The twin of the ImportFilter is the service ExportFilter. The main interfaces are XExporter and XFilter. The XExporter supplies the filter with the source document, whereas the XFilter starts the filter process. The MediaDescriptor that gets passed into the XFilter describes the output file. The ExportFilter supports the XInitialization and XPropertySet interfaces, just like the ImportFilter.

The MediaDescriptor finally collects all information about a source or target file to be imported from or exported to. It contains meta information (such as the file name), as well as an InputStream which can be used to actually manipulate the file. Caveat: Objects obtained from the MediaDescriptor may not be referenced or otherwise held longer beyond the filter(…) method call. Doing so (e.g., keeping a reference to the InputStream obtained from the MediaDescriptor prevents the InputStream from being closed.)

The document model cannot be described by a single service, as it obviously has to vary greatly, depending on the type of document (e.g., text or spreadsheet.) An example for a document model service is the AdvancedTextDocument service. What is important in this context, is that all document model services support the XComponent interface.

Interfaces

The XFilter interface features only two methods: filter(…) and cancel(). The former starts the filtering process based for the given MediaDescriptor, while the latter cancels an ongoing filter process. XFilter must be implemented for both, import and export filters.

The interface XImporter is used for setting up an import before the filter(…) method from the XFilter interface is called. The XImporter supplies the document with its (empty) target document, i.e., the document whose content is about to be read from file.

The XExporter is structured identically to the XImporter interface. It is used to set the target document, i.e., the document whose content should be written to file.

The XDocumentHandler is the core interface for handling XML data in OpenOffice.org. It is part of the SAX interface. It has methods for all parts of XML documents, like start or end of elements or runs of characters. The XDocumentHandler interface is used for both, incoming and outgoing XML data, thus allowing chaining of components handling XML. A component that processes XML data should implement the XDocumentHandler interface. A component that will generate XML data should call the methods of an XDocumentHandler to output the events. The XExtendedDocumentHandler, being derived from XDocumentHandler, provides an extended version that can also handle comments. If the extended functionality is desired, the XDocumentHandler should be queried for the XExtendedDocumentHandler at runtime. However, implementers should make sure their components never rely on the presence of extended XExtendedDocumentHandler, but rather make sure they could also work with the plain XDocumentHandler. Since all vital parts of XML can be handled through XDocumentHandler, this should not pose much of a problem.
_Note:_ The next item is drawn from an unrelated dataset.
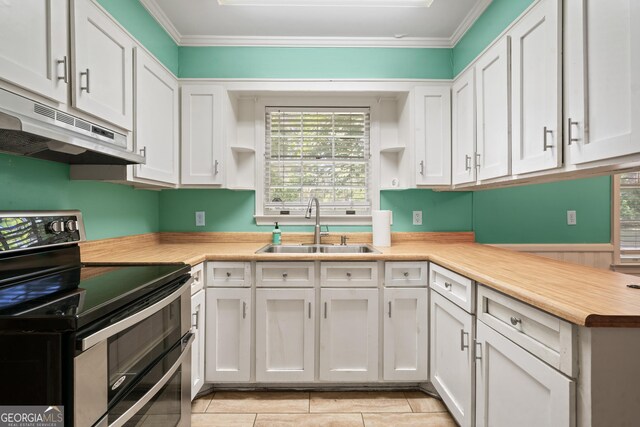 2933 King Alfred Dr, Macon, GA 31204 - kitchen featuring range with two ovens, a sink, open shelves, under cabinet range hood, and white cabinets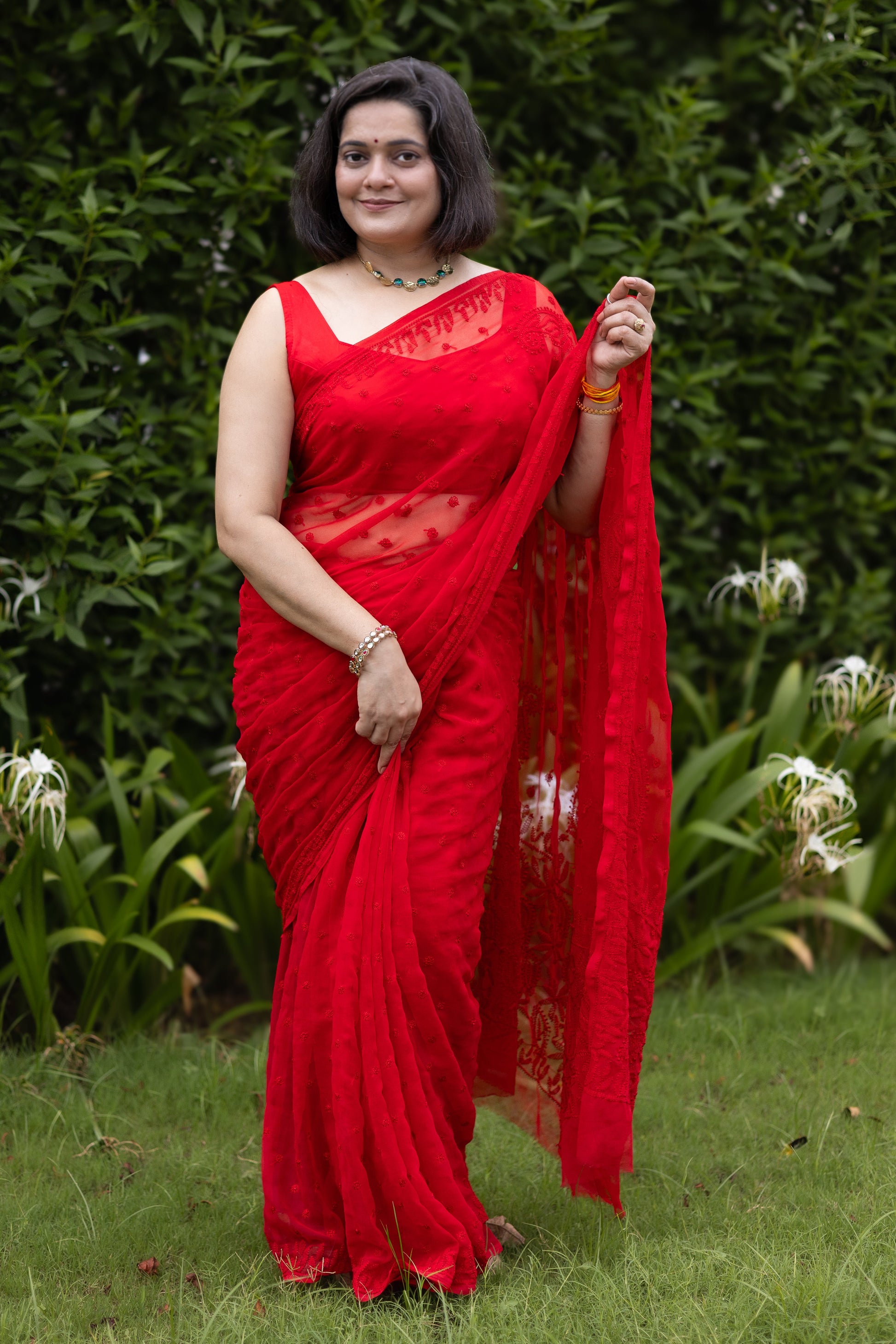 Woman wearing red georgette Lucknowi chikankari saree with blouse, front pose in garden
The interface XComponent is the parent interface for all document models. Actual documents derive from this model to provide model specific functionality, such as XTextDocument. A filter will have to query at runtime whether it can handle the supplied XModel.

Initialization of components can be supported through the XInitialization interface.

Properties of the filters can be queried using the XPropertySet interface. The names of the supported properties are part of the service description. In general, XPropertySet implementations support both reading and writing, but the intended use for filter components is to be read-only.

Built-in Components

All of Apache OpenOffice's applications have built-in XML import and export components. The component names are summarized in the following table:

XML import and export components 
Application XML export XML import
Writer com.sun.star.comp.Writer.XMLExporter com.sun.star.comp.Writer.XMLImporter
Calc com.sun.star.comp.Calc.XMLExporter com.sun.star.comp.Calc.XMLImporter
Chart com.sun.star.comp.Chart.XMLExporter com.sun.star.comp.Chart.XMLImporter
Impress com.sun.star.comp.Impress.XMLExporter com.sun.star.comp.Impress.XMLImporter
Draw com.sun.star.comp.Draw.XMLExporter com.sun.star.comp.Draw.XMLImporter


Additionally, the XML reader and writer components should be mentioned, even though they have not been discussed in the previous chapters. These two components implement the XML reader (or parser) and writer (or unparser) components used by Apache OpenOffice for writing all it's XML files. They implement (XML writer) or use (XML parser) the XDocumentHandler interface. In some sense they could be considered XML-based filters, since they read or write character streams and turn them into SAX function calls. Their names are com.sun.star.xml.sax.Writer and com.sun.star.xml.sax.Parser, respectively.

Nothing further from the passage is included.